### ACTIVITY
Word for word, restate the lines of the data below between those holding "Whether you're a" and "There is also", inclusive; pictures do not belong in the copy.

--- RECORDS FOR THIS TASK Enclosed Below ---

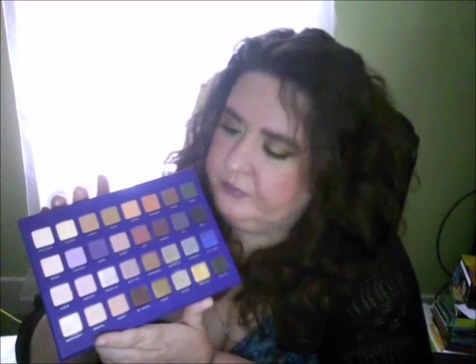So that was the swatches. We're going to go ahead and go to the look that I did today using this palette — kind of like a fall leafy look, like the colors of the leaves. Gold, orange, golden orangey and brown colors and everything. This palette also, just like their others, does kick up a lot of product, so be aware of that. But it is a great palette. Yes, I would highly recommend it.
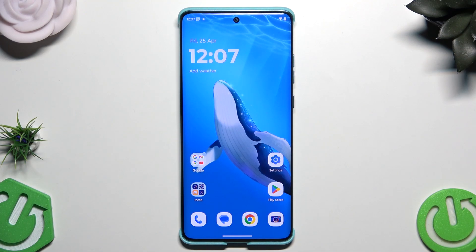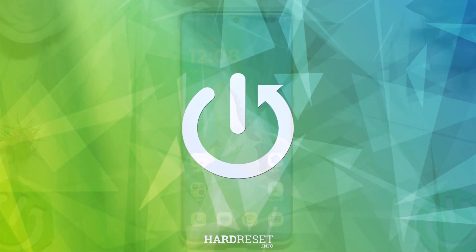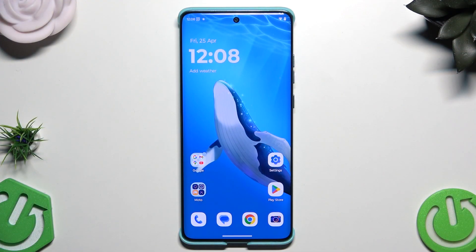Hello, in this video I'm gonna show you how to restart the Motorola Edge 60 Fusion. There are two methods how you can restart this phone and I'm gonna show you both of them.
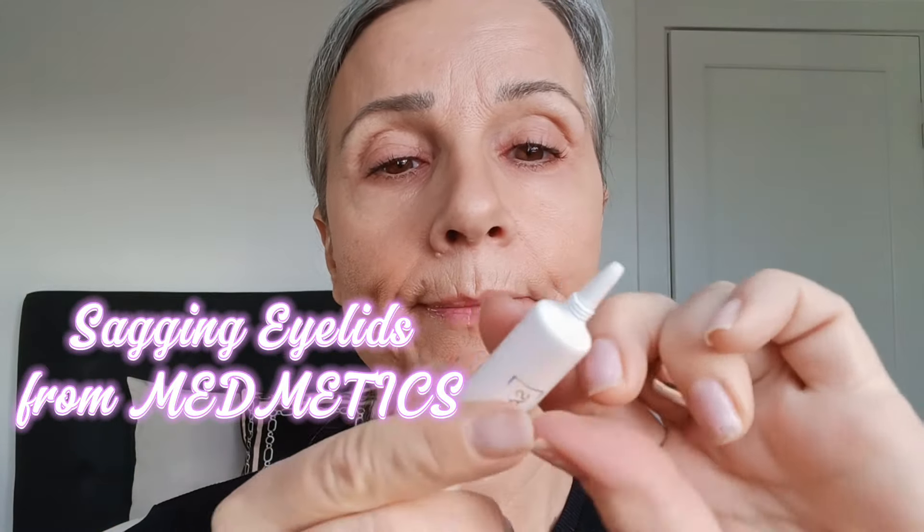Hi, my lovelies. We're talking about sagging eyelids today. As you saw in my little introduction, this sagging eyelids product is from Metmetics Rimescare, and they come in different varieties. You can get some for your wrinkles, some for under eye, and something for sagging eyelids.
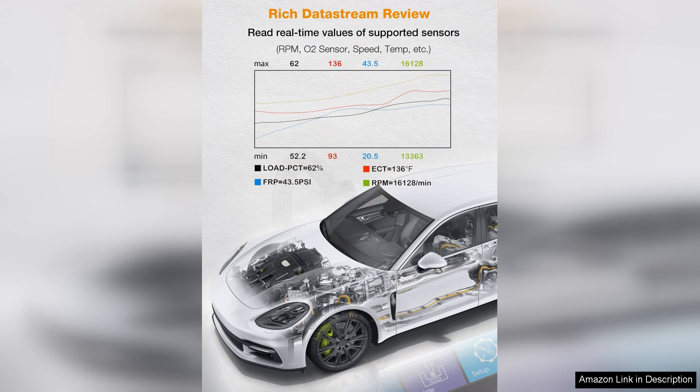Whether you're a seasoned mechanic or a novice DIY enthusiast, this OBD2 scanner is sure to help you keep your vehicle running smoothly.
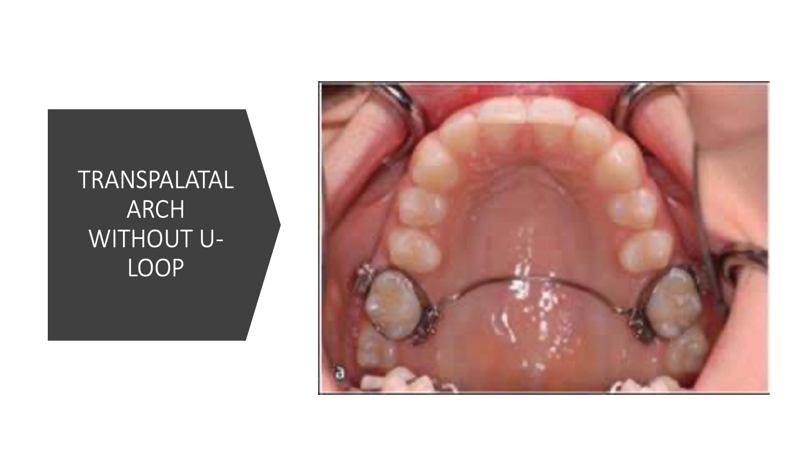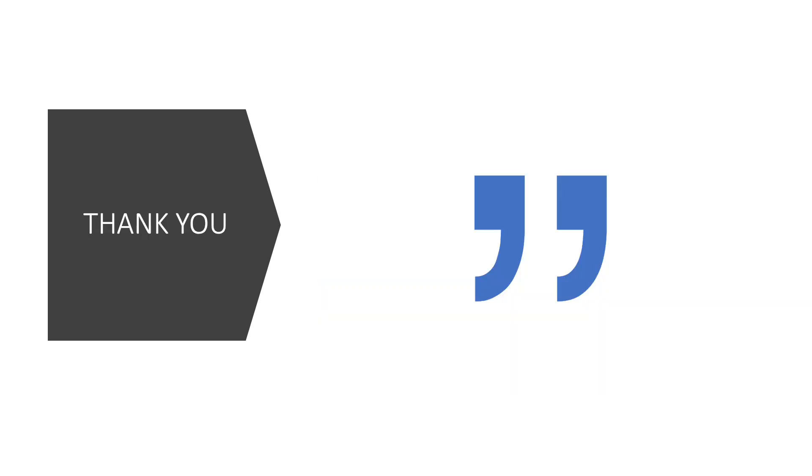There is also a trans palatal arch design with no U-loop in the center — just a single straight wire running across the palate. Interestingly, as you can see in this picture, there is no tooth loss, yet a trans palatal arch is still being used. This means it can also serve a retention purpose — for example, after arch expansion, to maintain the arch in its expanded position.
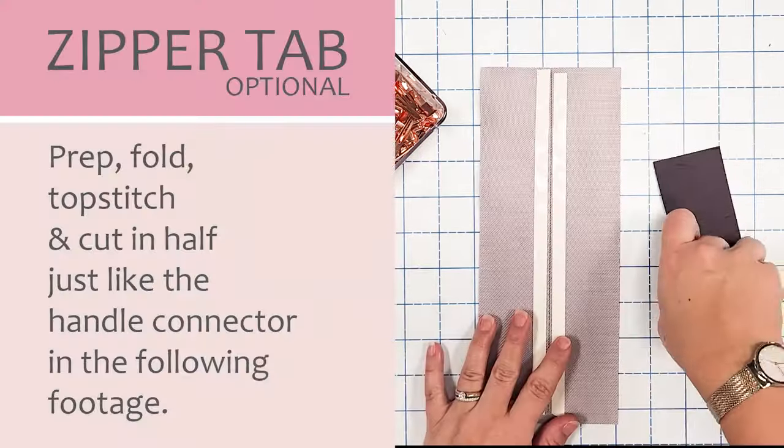The front zipper panel is now top stitched. Repeat the same process for the back zipper panel, pattern piece D — you should already have your D1 stabilizer centered and ironed on. Base stitch the exterior back zipper panel to the zipper tape at an eighth of an inch. Grab the lining, place it right sides together with the wrong side of the zipper tape, clip it into place, and sew with a quarter inch seam allowance. Turn right side out, clip into place, and top stitch with an eighth of an inch. Then base stitch around the exterior at an eighth of an inch seam allowance.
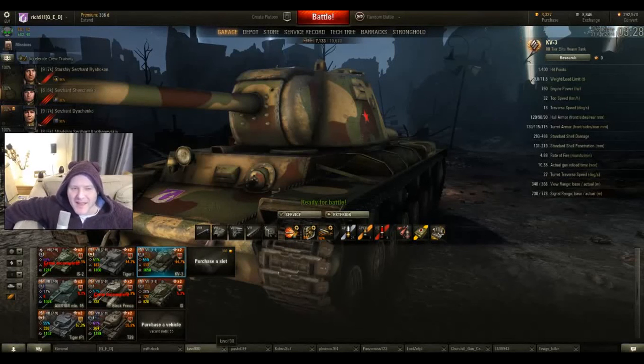Hi guys, Rich911 here, the Gaming Bear. I've been asked by James Donoghue this time to do a KV-3 review. I helped him and I did the review of the Panther and the M10. So let's have a look at the KV-3.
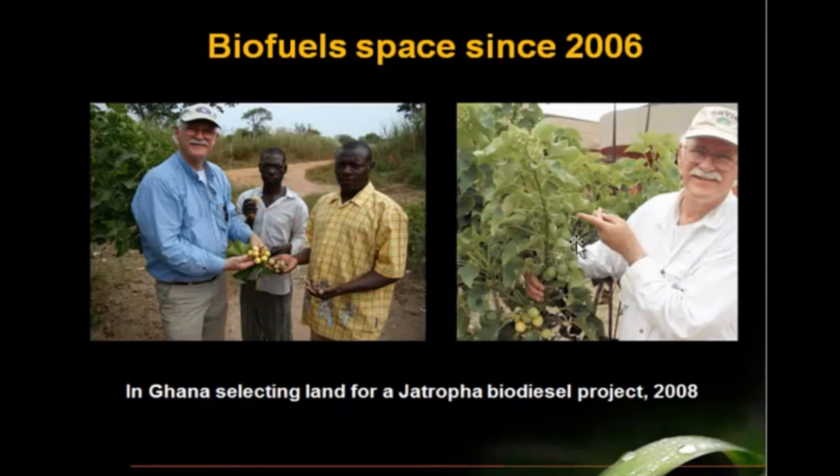This would be important in the biofuels space. This is me in Africa where I was selecting land for Jatropha projects. Jatropha is an oil-bearing seed that you can crush and get oil that you can refine into biodiesel. The problem with the Jatropha industry has been that there has not been enough time for conventional breeding to get very good, high-yielding lines. Most of the seed stock around the world is wild type that just doesn't have the yield.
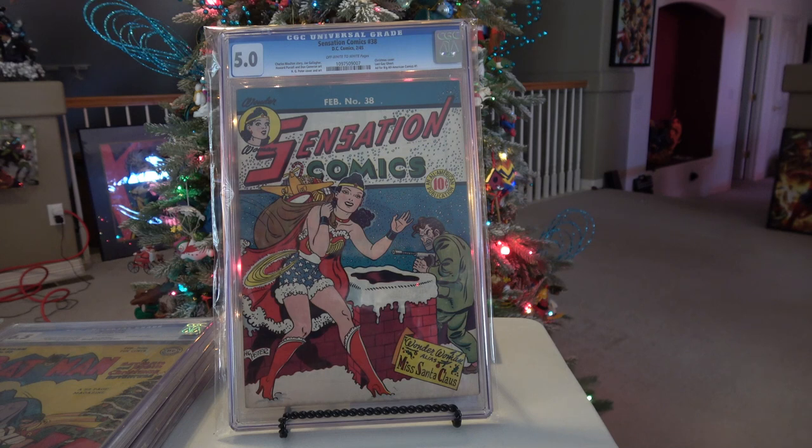Since this is a comic book channel, not a vintage lighting channel, let's get into the comic books.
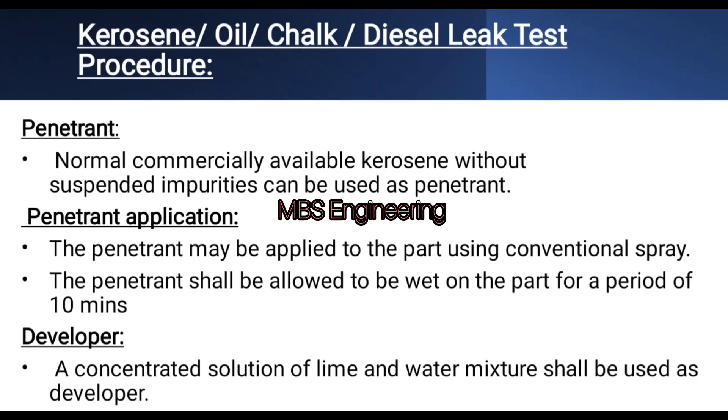Kerosene, oil, or diesel is used as the penetrant material. Normal commercially available kerosene without suspended impurities can be used as a penetrant. The penetrant may be applied to the part using a conventional spray and shall be allowed to remain wet on the part for a period of 10 minutes. Lime dust is used as a developer — a concentrated solution of lime and water mixture shall be used as the developer.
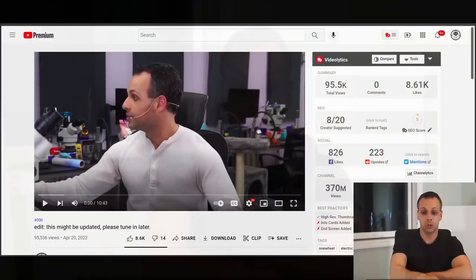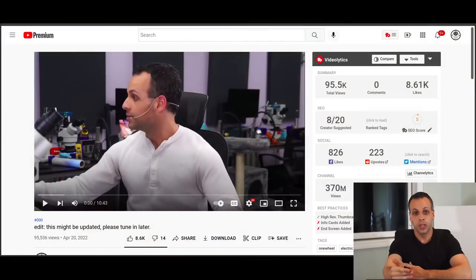Today I would like to issue a retraction of one statement that I made regarding Future Motion's OneWheel product. I said in a video that I did just a few days ago that the motor is paired to the controller, so that if you replace the motor it's not going to work unless you send it back to Future Motion. I also said that Future Motion was not willing to repair the motor even if you were willing to pay them.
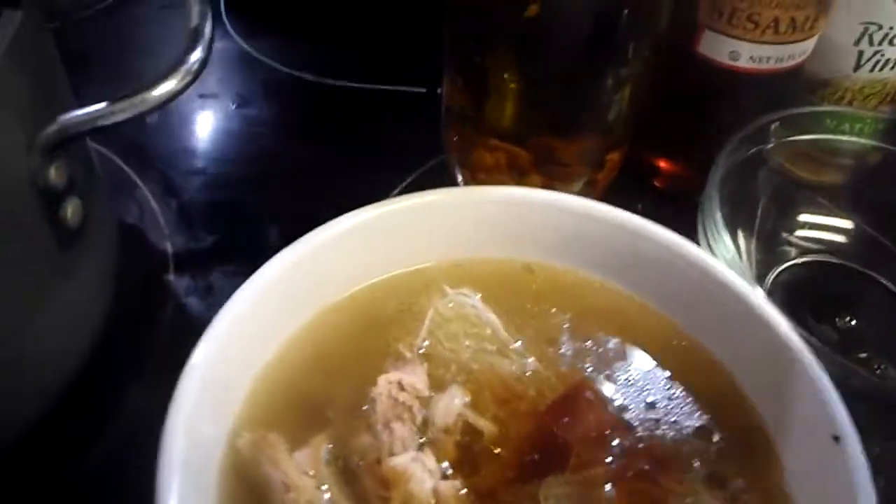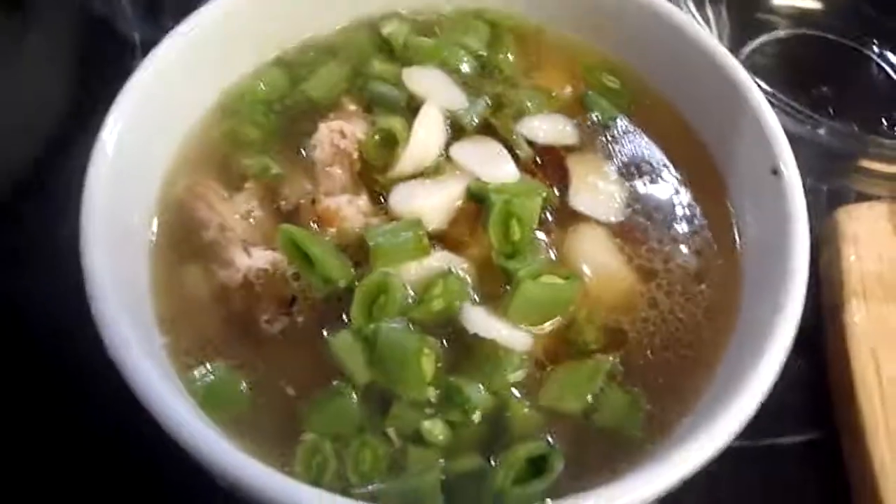And of course, these are the toppings, which I'm just going to pour them all in like that. And there is the Pho. Yummy, yummy.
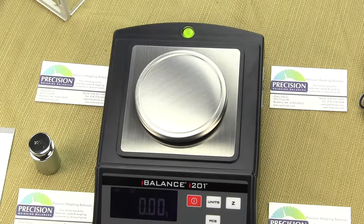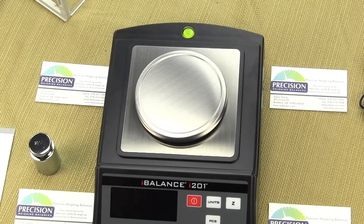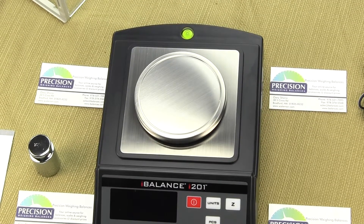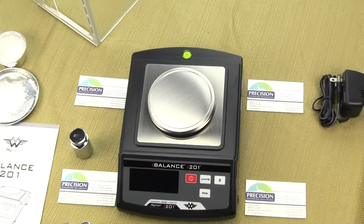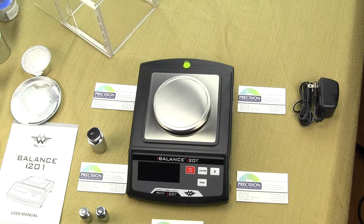Now let's go over the keys on this scale. We have the red button — this is the on and off. When you power up the scale it goes through the power-up sequence. We have the units key for changing the unit of weight and also for putting the scale in parts counting mode. We also have the Z key, which is the tare function to tare the weight of a container. And then we have the PCS key for parts counting.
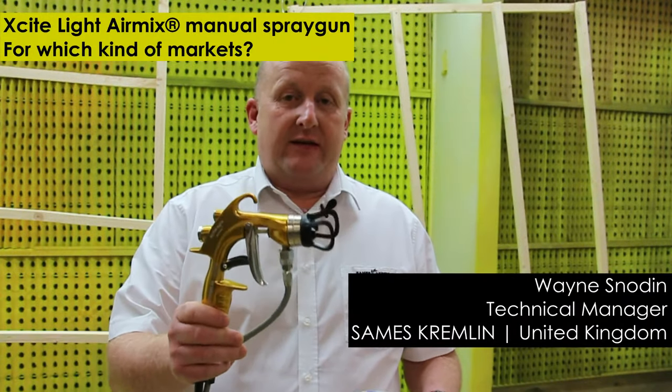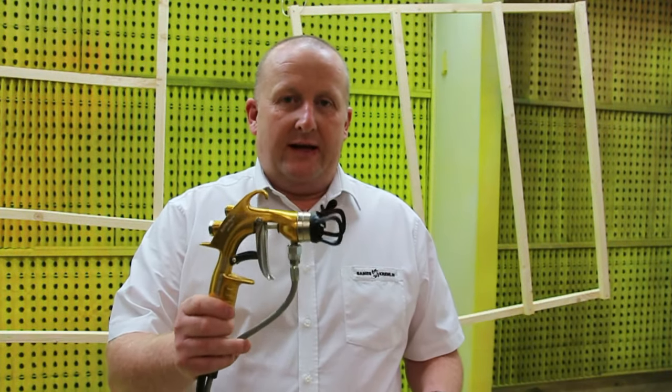The Excite Lite has a very soft trigger. This will enable a very easy application in production areas where a soft trigger pull is really important.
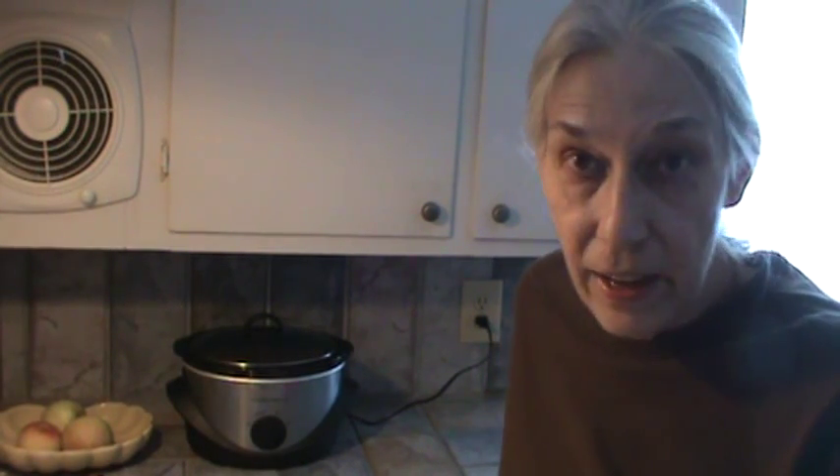Now we normally don't eat eggs for breakfast ever. We always pretty much have smoothies, and once in a while we have oatmeal. So the only time we really get eggs would be either at lunch or even supper time sometimes. So today that's what we're going to have for lunch. It's a really, really quick meal.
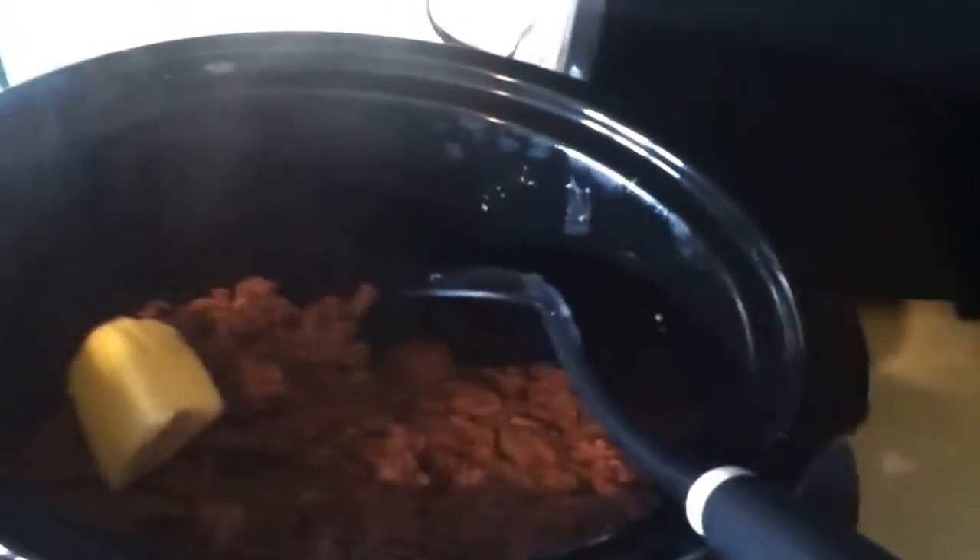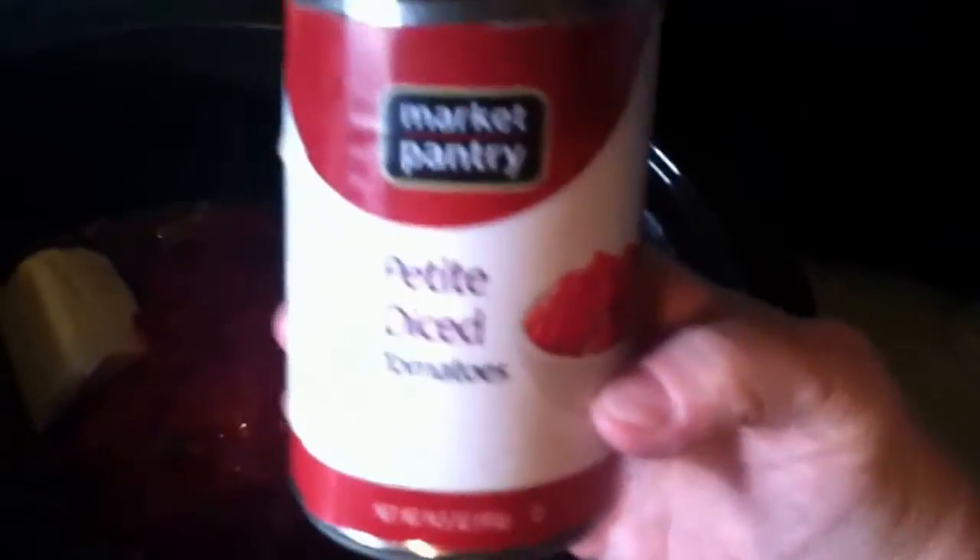So the meat's done. I'm putting it in my crock pot and adding 4 ounces of butter, a cup and a half of chicken broth, and 16 ounces of petite tomatoes.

--- End of Enclosed RECORDS FOR THIS TASK ---

### PROBLEM SOLUTION
Whether you're a seasoned mechanic or a novice DIY enthusiast, this OBD2 scanner is sure to help you keep your vehicle running smoothly.
There is also a trans palatal arch design with no U-loop in the center — just a single straight wire running across the palate. Interestingly, as you can see in this picture, there is no tooth loss, yet a trans palatal arch is still being used. This means it can also serve a retention purpose — for example, after arch expansion, to maintain the arch in its expanded position.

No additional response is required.